Tag Archives: strawberry

2337.  Rhubarb and Strawberry Cobbler

Look! I used the recipe you posted on your blog and quite frankly it was disgusting. I followed it to a T, and it still turned out horrible. The comments from some of your readers appeared to be helpful. One said the dessert was too runny, so I added more flour. Another said there wasn’t enough topping, so I doubled it. Yet another said it turned out way too sweet, so I halved the sugar.

The dessert turned out tart, heavy, and solid as a rock. I didn’t have any rhubarb so I used some crab apples off the neighbour’s tree instead. Both rhubarb and crab apples are afterall quite sour. And instead of strawberries I used a banana as it is high in potassium and can only be healthy.

I couldn’t see how crab apples could be put into a pot and heated without any liquid so I was going to put a touch of olive oil in the pot but I didn’t because I didn’t have any. So I used a teaspoon or two of lard instead.

Your recipe wasn’t just tart, heavy, and solid; it was FATTY. You have no right to claim that your recipe is healthy when if anything it is exactly the opposite. We had to smother the finished product in whipped cream to make it consumptible.

What is healthy about that? That’s the last recipe of yours I will try. It was extremely disappointing and you don’t appear to have an ounce of remorse. That is why I graded it with a zero on Facebook. It ruined our Christmas dinner, which was a delicious pre-cooked chicken that we reheated for our sumptuous feast.

My daughter doesn’t like chicken, so she defrosted some beef in the fridge but the blood ran down the fridge shelf and into your disgusting dessert. You have no idea how disappointing your pretentious and crapulous recipe was. A pox on your blog.

2075. Virginia’s chocolates

Virginia thought she would learn to make chocolates. Not chocolate, but chocolates – those things with something scrumptious like a nut or some fruit jelly encased inside. She had once read about it in a magazine but unfortunately she neither had the magazine nor too much of a memory as to what the magazine said.
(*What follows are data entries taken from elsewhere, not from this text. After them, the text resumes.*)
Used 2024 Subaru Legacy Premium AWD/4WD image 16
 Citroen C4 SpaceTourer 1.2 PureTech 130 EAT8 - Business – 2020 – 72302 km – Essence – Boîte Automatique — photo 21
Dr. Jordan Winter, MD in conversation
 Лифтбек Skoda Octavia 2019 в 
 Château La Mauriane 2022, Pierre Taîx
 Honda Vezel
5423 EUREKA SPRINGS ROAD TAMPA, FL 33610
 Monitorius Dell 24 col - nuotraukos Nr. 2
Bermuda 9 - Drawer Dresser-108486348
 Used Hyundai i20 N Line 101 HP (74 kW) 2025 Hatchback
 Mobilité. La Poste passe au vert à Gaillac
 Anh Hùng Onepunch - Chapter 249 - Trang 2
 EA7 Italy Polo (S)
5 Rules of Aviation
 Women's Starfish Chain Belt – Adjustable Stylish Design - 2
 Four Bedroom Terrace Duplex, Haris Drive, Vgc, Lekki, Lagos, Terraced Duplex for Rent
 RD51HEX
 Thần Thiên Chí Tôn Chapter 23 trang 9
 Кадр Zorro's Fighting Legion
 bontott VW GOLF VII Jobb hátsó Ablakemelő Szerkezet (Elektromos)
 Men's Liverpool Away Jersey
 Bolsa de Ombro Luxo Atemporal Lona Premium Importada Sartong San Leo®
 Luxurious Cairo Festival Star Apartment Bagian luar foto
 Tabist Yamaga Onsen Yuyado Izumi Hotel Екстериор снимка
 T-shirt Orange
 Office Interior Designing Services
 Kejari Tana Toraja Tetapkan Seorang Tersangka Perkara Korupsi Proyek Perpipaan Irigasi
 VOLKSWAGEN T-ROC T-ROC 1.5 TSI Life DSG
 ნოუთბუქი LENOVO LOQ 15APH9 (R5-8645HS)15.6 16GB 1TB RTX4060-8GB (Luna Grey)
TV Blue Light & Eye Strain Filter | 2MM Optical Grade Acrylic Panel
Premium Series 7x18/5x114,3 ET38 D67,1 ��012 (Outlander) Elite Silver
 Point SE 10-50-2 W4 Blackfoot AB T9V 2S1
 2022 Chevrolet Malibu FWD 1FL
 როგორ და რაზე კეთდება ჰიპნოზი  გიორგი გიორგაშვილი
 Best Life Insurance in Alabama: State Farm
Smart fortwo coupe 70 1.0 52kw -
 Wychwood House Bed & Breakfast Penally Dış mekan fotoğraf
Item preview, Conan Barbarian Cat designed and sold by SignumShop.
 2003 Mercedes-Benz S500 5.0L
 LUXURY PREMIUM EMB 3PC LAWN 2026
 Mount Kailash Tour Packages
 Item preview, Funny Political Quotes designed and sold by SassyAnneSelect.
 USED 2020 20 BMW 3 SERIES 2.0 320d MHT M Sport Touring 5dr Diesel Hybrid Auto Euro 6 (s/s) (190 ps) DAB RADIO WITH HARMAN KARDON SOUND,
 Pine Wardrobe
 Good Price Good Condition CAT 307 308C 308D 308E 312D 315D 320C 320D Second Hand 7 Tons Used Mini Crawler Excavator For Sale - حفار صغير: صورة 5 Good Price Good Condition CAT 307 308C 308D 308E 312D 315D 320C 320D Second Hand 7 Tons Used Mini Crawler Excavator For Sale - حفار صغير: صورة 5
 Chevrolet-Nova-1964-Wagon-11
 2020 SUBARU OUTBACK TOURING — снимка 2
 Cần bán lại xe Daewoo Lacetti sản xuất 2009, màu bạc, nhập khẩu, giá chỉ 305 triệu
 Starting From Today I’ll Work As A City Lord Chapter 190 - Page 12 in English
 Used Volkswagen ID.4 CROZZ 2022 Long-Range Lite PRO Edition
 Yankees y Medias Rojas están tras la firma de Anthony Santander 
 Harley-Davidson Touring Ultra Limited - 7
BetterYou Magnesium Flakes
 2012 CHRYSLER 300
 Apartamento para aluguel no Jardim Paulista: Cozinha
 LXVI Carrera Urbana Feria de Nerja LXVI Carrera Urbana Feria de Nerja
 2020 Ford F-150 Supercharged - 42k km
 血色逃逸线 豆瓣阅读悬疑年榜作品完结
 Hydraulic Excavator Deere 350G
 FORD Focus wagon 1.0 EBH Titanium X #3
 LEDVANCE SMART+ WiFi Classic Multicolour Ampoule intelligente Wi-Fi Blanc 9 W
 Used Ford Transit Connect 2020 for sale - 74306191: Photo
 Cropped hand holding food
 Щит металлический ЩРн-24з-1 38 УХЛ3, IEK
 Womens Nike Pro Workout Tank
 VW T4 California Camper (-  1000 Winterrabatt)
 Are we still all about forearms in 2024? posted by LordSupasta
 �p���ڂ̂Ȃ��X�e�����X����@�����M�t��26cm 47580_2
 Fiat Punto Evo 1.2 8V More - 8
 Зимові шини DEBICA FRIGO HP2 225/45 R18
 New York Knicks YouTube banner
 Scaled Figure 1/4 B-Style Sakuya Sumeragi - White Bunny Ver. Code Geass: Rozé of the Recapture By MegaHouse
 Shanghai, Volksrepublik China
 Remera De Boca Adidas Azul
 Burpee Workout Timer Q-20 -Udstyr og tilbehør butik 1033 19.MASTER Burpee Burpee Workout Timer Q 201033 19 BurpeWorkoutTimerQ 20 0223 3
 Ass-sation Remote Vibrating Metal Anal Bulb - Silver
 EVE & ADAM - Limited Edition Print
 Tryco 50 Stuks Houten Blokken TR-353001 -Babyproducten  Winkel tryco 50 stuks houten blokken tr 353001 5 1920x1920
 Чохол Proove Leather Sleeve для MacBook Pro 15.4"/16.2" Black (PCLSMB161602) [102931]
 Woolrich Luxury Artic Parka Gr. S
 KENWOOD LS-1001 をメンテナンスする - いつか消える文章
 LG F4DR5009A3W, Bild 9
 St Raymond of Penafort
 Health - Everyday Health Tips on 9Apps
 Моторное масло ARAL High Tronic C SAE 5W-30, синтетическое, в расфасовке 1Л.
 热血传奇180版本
But these days there was the internet. Everything could be found on the internet including the making of chocolates. She would find an easy method and follow it to a tee. It was like magic how the centre got into the chocolates, especially if the centre was runny. A nut could simply be dipped into melted chocolate, but runny stuff was another thing altogether. Virginia thought she would begin with a strawberry flavoured centre.

Part of the problem was that Virginia, in the main, was a terrible procrastinator. She would put things off, and put things off. This was not to be the case with her chocolate-making. She would aim to have little baskets of chocolates to give out this coming Easter. She couldn’t mess around. It was almost inevitable that the first chocolates she made would be a disaster, but perhaps by the second attempt she might produce something good enough to serve as an Easter gift.

Virginia went shopping with the list of things required. When it came to flavouring, she wondered, looking at all the options available in the supermarket aisle, whether she should make a variety of flavours and not just strawberry. There was strawberry, and raspberry, and apricot, and lemon, and orange, and… the choices went on and on. In the end, Virginia settled for strawberry and orange. Then there was the mould. She hadn’t realized there were so many shapes available. She chose moulds that were in the shape of vegetables: carrots and pumpkins and zucchinis and so on.

When she got home Virginia wonder if the vegetable shapes were appropriate for Easter. She should have got bunnies and cockerels and eggs. Not to worry – she would make do with what she had.

Anyway, that was last Easter. With Thanksgiving approaching Virginia still hadn’t made any chocolates, but the vegetable moulds would be more than suitable for Thanksgiving. Yes! She would make little baskets of chocolates to give out this coming Thanksgiving. Or perhaps Christmas. Christmas would be better. It was more of a chocolatey occasion than Thanksgiving.